**WORK TASK**
Write the records out again without change. Leave the pictures behind.

Scraped caption text data
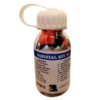 Elite First Aid Survival Kit #1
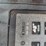 case-ih-1660-image-34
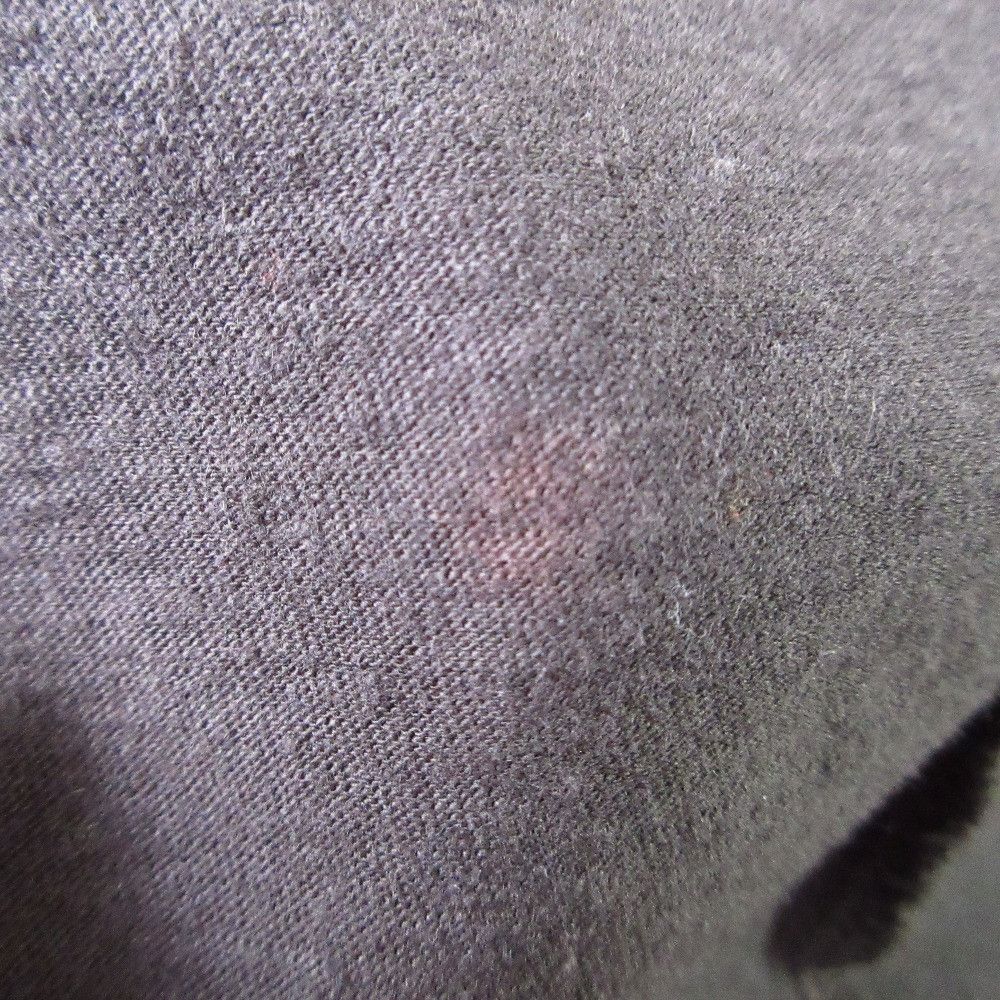 Other Other Dries Van Noten Linen Blend Top Natural Material Tops DUTY FREE for USA Size ONE SIZE - 9 Thumbnail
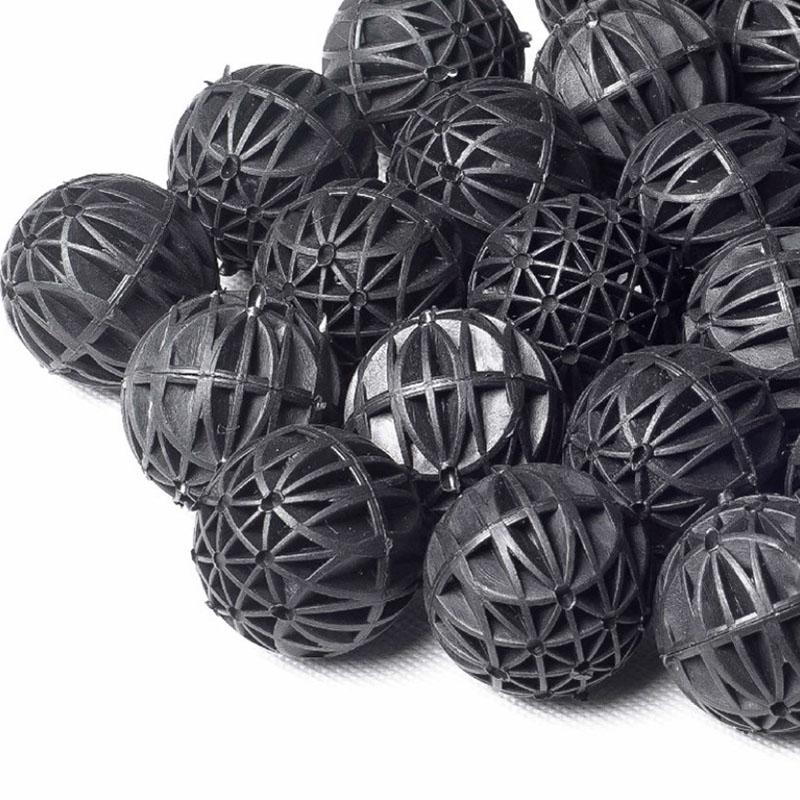 10/20/40Pcs/lot 26mm 36mm 46mm - Planted Aquarium Media ulasan dan harga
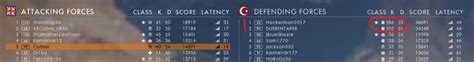 Hackers are ruining this game.. : r/battlefield_one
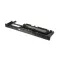 Frigidaire 5304520552 Console Assembly with Overlay & Cover Gasket, Black, Dishwasher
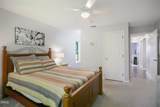 101-2d Marbury Court - Photo 14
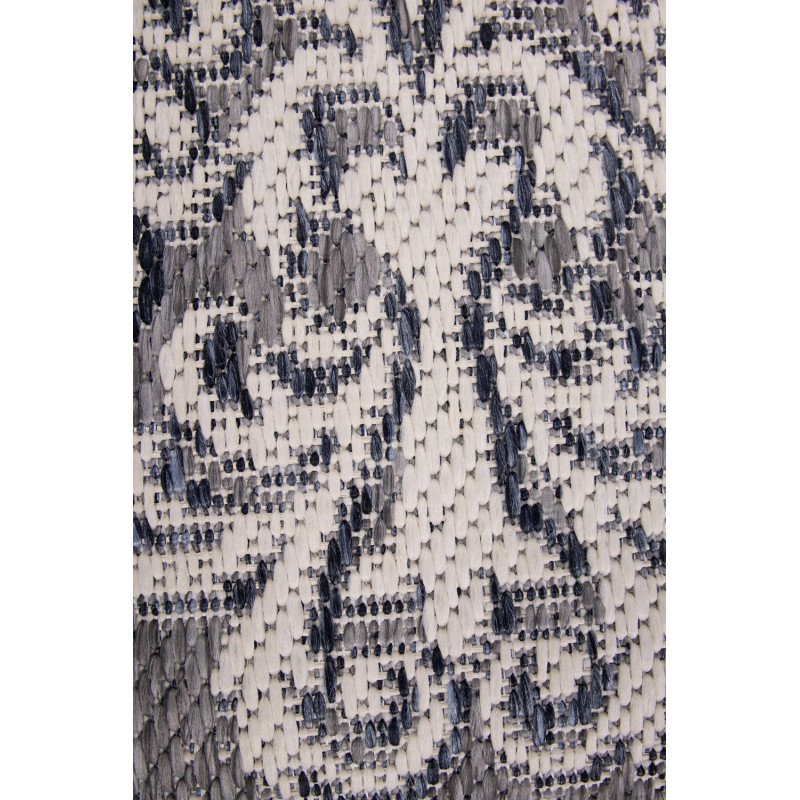 Dywan Viva 59502/160 133x195cm Dywan Viva 59502/160 133x195cm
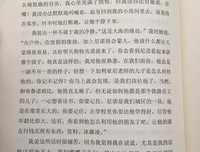 《新名字的故事》读后感摘抄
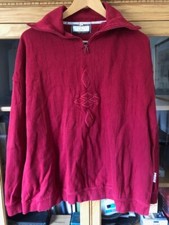 Burgundy top country for sale  PONTYCLUN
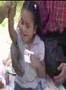 Rett Syndrome Picnic & Fundraiser
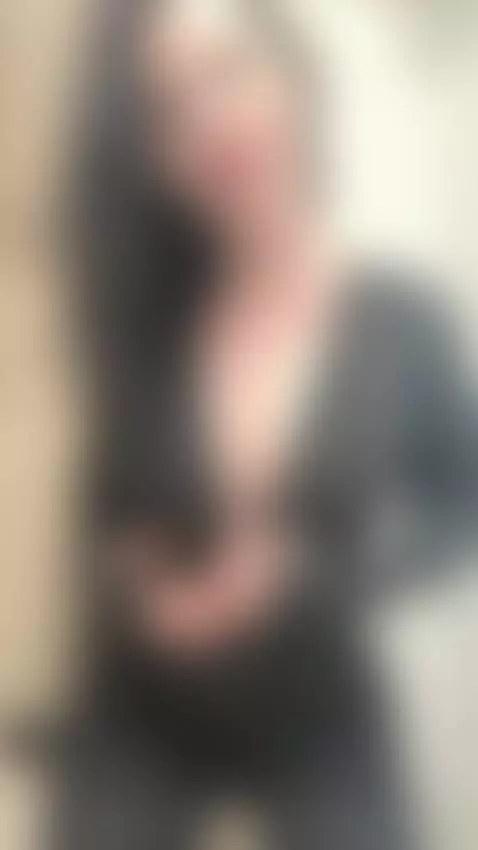 🔞 naughty big ass deepthroat horny nude squirt 🫦😈 Check my O... by kaylicute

**OUTPUT OF THE EXERCISE**
 Elite First Aid Survival Kit #1
 case-ih-1660-image-34
 Other Other Dries Van Noten Linen Blend Top Natural Material Tops DUTY FREE for USA Size ONE SIZE - 9 Thumbnail
 10/20/40Pcs/lot 26mm 36mm 46mm - Planted Aquarium Media ulasan dan harga
 Hackers are ruining this game.. : r/battlefield_one
 Frigidaire 5304520552 Console Assembly with Overlay & Cover Gasket, Black, Dishwasher
 101-2d Marbury Court - Photo 14
 Dywan Viva 59502/160 133x195cm Dywan Viva 59502/160 133x195cm
 《新名字的故事》读后感摘抄
 Burgundy top country for sale  PONTYCLUN
 Rett Syndrome Picnic & Fundraiser
 🔞 naughty big ass deepthroat horny nude squirt 🫦😈 Check my O... by kaylicute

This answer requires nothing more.